Yikes! ‘Large lizard,’ humans share scare on Evans
Published 12:00 am Sunday, October 12, 2008
Stacy Carter never expected to see an iguana in her front yard when she stepped out her front door to get something out of her car Saturday afternoon. But the Evans Alley resident knew what it was and called the Vicksburg Police Department.
“He scared me!” Carter said and laughed. “Everybody was laughing at me when I told them there was a big iguana in my yard. They didn’t believe me.”
Carter’s neighbor Charity Bunch didn’t laugh.
“I came out on my porch and saw him walk out from beside the house. I screamed, and he went up in the tree.”
But responding VPD officer Robert Whitten found some humor in the situation. “I did laugh,” he admitted to Carter, “when dispatch called and said you need to come over here, there’s a large lizard in the yard,” he said. “We just weren’t sure how large ‘large’ was going to be.”

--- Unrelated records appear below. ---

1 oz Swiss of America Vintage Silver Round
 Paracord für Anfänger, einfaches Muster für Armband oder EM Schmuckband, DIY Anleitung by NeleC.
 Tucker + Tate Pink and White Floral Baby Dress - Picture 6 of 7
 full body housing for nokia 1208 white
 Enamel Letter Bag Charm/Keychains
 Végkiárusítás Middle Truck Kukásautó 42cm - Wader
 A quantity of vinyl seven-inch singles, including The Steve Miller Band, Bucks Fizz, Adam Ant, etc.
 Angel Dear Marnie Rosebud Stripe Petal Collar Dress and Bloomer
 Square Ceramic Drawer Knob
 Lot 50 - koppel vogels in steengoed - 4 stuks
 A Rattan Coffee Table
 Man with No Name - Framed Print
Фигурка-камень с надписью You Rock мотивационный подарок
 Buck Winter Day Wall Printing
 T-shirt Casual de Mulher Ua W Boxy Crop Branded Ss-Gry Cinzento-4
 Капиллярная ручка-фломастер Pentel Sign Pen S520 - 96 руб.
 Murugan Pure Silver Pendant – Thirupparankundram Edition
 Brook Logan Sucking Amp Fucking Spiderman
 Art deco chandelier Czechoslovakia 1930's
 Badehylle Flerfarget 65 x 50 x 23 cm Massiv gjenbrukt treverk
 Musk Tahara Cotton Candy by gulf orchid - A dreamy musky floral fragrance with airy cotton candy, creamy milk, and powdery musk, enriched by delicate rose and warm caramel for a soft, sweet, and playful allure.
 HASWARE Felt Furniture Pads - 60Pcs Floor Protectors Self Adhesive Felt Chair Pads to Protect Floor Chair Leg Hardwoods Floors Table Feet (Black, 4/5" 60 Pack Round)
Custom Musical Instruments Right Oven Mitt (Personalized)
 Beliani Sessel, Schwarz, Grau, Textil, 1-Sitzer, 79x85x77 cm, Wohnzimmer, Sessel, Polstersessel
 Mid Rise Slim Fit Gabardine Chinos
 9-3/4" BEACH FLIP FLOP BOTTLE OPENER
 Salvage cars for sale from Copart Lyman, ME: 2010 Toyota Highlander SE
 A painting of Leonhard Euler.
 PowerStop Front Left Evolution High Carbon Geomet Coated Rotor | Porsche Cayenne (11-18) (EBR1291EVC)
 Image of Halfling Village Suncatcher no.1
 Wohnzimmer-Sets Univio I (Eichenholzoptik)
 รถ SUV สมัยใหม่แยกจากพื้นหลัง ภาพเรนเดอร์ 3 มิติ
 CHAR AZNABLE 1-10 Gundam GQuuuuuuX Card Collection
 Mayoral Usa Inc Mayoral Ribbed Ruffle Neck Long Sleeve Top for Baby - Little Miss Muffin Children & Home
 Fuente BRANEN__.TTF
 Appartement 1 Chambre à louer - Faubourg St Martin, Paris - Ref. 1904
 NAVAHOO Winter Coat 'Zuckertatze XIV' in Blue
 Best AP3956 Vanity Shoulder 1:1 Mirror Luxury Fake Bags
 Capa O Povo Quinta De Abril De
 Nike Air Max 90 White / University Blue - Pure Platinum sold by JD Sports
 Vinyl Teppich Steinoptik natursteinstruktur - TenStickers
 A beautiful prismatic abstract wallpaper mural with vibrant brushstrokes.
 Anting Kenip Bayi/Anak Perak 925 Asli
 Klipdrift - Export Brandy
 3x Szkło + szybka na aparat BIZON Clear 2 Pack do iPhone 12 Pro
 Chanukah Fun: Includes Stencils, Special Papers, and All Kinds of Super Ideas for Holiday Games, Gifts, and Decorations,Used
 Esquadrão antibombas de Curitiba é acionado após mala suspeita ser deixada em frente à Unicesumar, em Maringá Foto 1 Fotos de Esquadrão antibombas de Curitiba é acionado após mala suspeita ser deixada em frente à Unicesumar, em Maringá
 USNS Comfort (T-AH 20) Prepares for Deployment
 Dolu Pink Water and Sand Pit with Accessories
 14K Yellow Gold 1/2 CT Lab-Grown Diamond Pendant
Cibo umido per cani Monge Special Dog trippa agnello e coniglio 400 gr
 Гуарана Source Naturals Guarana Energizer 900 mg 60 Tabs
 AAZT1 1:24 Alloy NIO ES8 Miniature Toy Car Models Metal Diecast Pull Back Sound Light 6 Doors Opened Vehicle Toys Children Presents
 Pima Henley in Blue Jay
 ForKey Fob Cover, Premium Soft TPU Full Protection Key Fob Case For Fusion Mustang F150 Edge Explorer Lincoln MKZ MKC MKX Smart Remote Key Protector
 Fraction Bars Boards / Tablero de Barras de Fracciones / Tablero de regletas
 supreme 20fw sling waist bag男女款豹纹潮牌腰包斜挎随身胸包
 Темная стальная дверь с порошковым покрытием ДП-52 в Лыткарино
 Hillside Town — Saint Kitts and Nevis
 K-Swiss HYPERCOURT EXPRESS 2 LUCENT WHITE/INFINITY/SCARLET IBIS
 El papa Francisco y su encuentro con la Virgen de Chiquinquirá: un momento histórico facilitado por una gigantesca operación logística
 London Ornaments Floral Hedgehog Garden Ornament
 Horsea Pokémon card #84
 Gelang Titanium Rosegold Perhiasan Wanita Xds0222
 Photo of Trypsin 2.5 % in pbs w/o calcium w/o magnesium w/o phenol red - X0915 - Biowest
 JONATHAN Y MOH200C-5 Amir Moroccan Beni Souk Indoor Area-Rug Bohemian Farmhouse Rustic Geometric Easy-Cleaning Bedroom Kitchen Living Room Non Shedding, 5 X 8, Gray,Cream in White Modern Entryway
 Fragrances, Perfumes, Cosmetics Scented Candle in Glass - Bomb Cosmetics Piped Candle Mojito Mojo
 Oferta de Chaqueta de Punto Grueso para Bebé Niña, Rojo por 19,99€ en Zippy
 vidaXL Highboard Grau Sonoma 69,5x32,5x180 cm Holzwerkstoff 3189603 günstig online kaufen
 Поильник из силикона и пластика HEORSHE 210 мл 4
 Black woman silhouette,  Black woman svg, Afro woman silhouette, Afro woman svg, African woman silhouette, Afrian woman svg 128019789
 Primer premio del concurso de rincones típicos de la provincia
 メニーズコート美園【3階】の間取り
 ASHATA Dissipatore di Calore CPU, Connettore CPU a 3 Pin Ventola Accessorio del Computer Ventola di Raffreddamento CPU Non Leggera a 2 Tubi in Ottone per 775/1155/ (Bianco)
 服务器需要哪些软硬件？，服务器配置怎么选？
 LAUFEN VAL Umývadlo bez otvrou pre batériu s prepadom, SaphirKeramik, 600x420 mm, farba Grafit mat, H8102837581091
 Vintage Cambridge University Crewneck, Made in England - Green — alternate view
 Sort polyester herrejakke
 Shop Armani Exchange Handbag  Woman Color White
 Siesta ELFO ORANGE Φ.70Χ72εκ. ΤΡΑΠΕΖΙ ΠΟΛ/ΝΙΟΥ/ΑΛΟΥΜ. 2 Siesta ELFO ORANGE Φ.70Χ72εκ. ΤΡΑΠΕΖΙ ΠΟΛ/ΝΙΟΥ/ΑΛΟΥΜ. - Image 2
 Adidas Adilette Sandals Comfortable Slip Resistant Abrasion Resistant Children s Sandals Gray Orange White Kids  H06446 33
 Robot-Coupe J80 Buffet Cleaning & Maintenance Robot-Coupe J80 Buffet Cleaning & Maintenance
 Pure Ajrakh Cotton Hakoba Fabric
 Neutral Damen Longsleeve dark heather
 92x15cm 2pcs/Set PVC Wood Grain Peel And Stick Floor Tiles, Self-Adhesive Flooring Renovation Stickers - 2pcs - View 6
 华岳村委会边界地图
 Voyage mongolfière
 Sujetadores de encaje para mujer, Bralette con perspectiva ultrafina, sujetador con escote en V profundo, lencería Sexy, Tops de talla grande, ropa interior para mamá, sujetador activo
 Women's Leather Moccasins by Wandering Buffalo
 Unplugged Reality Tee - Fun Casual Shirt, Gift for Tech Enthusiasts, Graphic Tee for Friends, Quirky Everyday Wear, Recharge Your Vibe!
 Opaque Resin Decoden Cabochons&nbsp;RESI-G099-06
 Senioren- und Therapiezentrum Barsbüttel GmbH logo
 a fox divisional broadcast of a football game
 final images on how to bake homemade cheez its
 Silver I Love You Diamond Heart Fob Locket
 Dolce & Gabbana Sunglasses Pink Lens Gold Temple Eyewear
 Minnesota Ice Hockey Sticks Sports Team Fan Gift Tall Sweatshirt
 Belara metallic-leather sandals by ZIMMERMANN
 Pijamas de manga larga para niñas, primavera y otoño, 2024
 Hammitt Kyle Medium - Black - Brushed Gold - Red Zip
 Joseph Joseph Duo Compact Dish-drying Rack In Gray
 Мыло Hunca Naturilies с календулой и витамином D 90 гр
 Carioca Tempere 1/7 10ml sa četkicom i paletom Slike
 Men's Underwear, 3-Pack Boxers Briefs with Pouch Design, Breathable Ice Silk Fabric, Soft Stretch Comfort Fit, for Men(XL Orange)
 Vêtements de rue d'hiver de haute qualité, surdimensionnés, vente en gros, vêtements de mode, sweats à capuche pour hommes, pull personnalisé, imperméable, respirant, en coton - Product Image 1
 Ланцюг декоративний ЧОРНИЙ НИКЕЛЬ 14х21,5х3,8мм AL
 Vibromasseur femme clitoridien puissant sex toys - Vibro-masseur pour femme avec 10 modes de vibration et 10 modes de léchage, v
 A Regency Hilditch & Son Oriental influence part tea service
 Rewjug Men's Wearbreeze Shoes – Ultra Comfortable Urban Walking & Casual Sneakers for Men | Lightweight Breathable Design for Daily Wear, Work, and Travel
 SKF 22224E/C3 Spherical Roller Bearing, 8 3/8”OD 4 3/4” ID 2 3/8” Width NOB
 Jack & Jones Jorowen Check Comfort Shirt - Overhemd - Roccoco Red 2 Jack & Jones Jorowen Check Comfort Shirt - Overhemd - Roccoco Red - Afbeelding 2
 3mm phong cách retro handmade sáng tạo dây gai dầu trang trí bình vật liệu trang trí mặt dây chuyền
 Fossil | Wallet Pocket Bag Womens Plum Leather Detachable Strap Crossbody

“Large” turned out to be about 3 feet long, and the apparent escaped pet climbed around in a china berry tree eating berries and entertaining a dozen or more residents of Evans Alley, off East Avenue, for two hours before Mississippi Wildlife Rescue and Rehabilitation volunteer Becky Bolm arrived, and with her husband, Old Court House Museum Curator Bubba Bolm, managed to catch the animal.
“He is very good looking!” Becky Bolm exclaimed as she stood below the tree, trying to come up with a plan to nudge the rusty-orange and green-striped iguana down far enough to get a snare around his neck. She said the animal was a bearded dragon variety of iguana, probably worth about $250.
It is not illegal in Vicksburg to keep an iguana as a pet, and the reptiles are not particularly dangerous, Whitten said. “They’ll slap you with a tail in a heartbeat, and that hurts. That’s really their first line of defense. But they are not really vicious animals.”
Lt. Davey Barnette also responded to the scene for a short time. “This is just one of the things we do,” he said with a smile, leaning against the front of his patrol car, watching the iguana meander through the tree, eating china berries. “We solve everybody’s problems.”
While waiting for the Bolms to arrive, Whitten took reports from neighbors that a Ford Road resident was thought to own a pet iguana. He walked to the nearby street and knocked on several doors, trying to find the owner, but no one answered the door at any of the houses.
In the end it took the Bolms about 30 minutes to catch the iguana, which climbed high up in the tree as Bubba Bolm tried to coax it to come down. Extending the pole, which was attached to the snare, and climbing up a ladder, he got the animal close enough to get the snare around its neck and tighten it enough to lift it out of the tree. It wiggled and writhed, but Becky Bolm, wearing long, thick gloves, was able to grab its hindquarters and get it into a cage held open by Whitten.
“We’ll put an ad in the paper for three days and try to find the owner,” she said. “For tonight, we’ll take him home and put him in a cage with a nice warm light and some good food — like a mouse.”
Becky Bolm, an 11-year volunteer with Mississippi wildlife, said she works with about 100 animals every year, most of them babies or orphans that may need treatment before being released back to the wild.